■ **WHAT THE EXERCISE ASKS**
Nothing but an exact reproduction of the records, pictures excluded, should be returned.

■ **ENTRIES SHOWN**
____

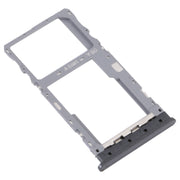 For T-Mobile REVVL 4 4G Original SIM Card Tray + Micro SD Card Tray(Black)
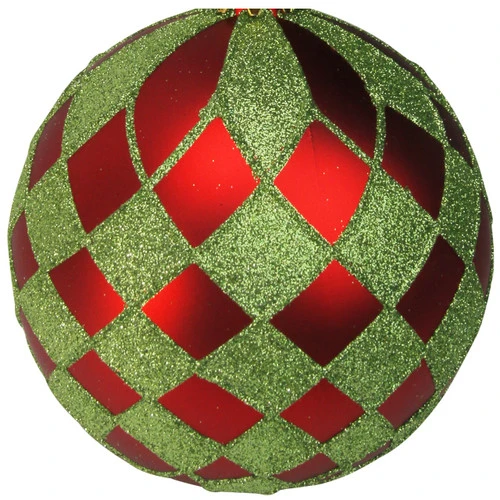 4ct Red And Lime Green Shatterproof 2-Finish Christmas Ball Ornaments 4.75" (120mm) 5 4ct Red And Lime Green Shatterproof 2-Finish Christmas Ball Ornaments 4.75" (120mm) - Image 3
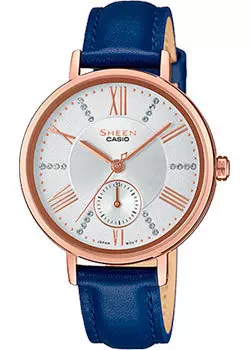 Японские наручные женские часы Casio SHE-3066PGL-7AUEF. Коллекция Sheen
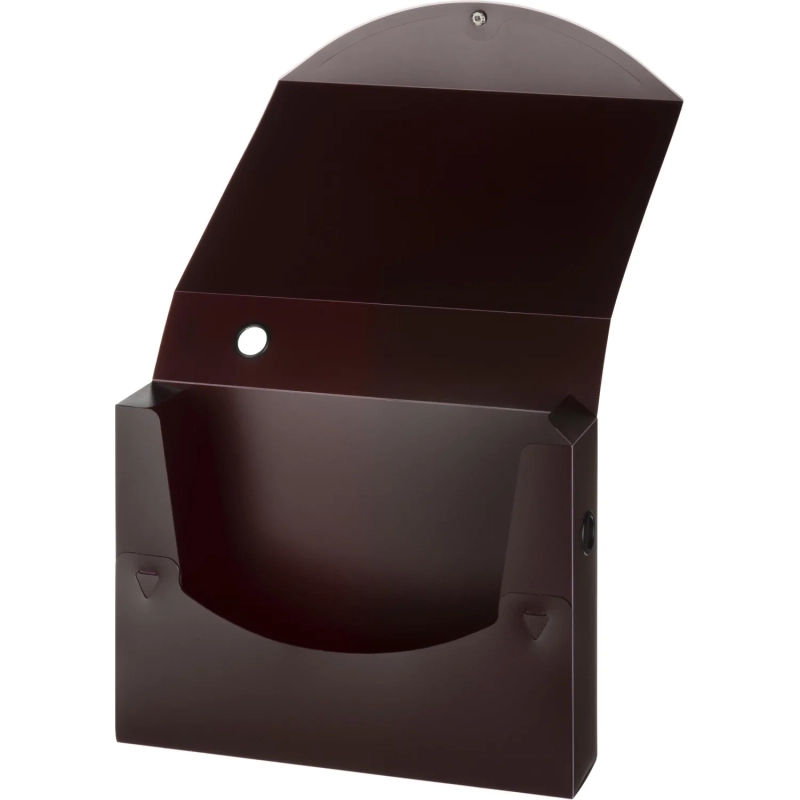 Короб архивный на кнопке Attache 70 мм пластик,бордовый песок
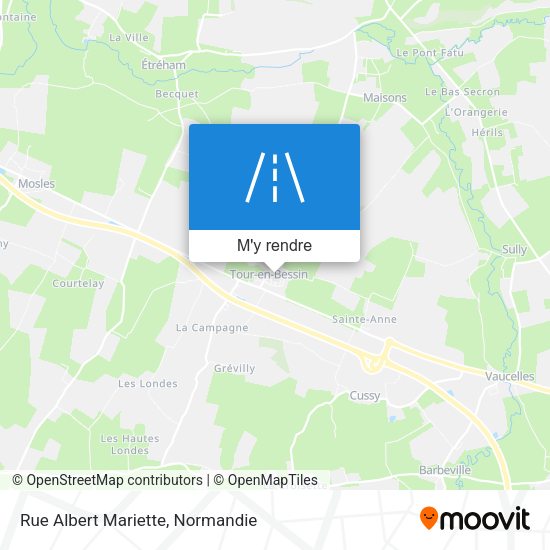 Rue Albert Mariette plan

____

■ **THE ANSWER**
 For T-Mobile REVVL 4 4G Original SIM Card Tray + Micro SD Card Tray(Black)
 4ct Red And Lime Green Shatterproof 2-Finish Christmas Ball Ornaments 4.75" (120mm) 5 4ct Red And Lime Green Shatterproof 2-Finish Christmas Ball Ornaments 4.75" (120mm) - Image 3
 Японские наручные женские часы Casio SHE-3066PGL-7AUEF. Коллекция Sheen
 Короб архивный на кнопке Attache 70 мм пластик,бордовый песок
 Rue Albert Mariette plan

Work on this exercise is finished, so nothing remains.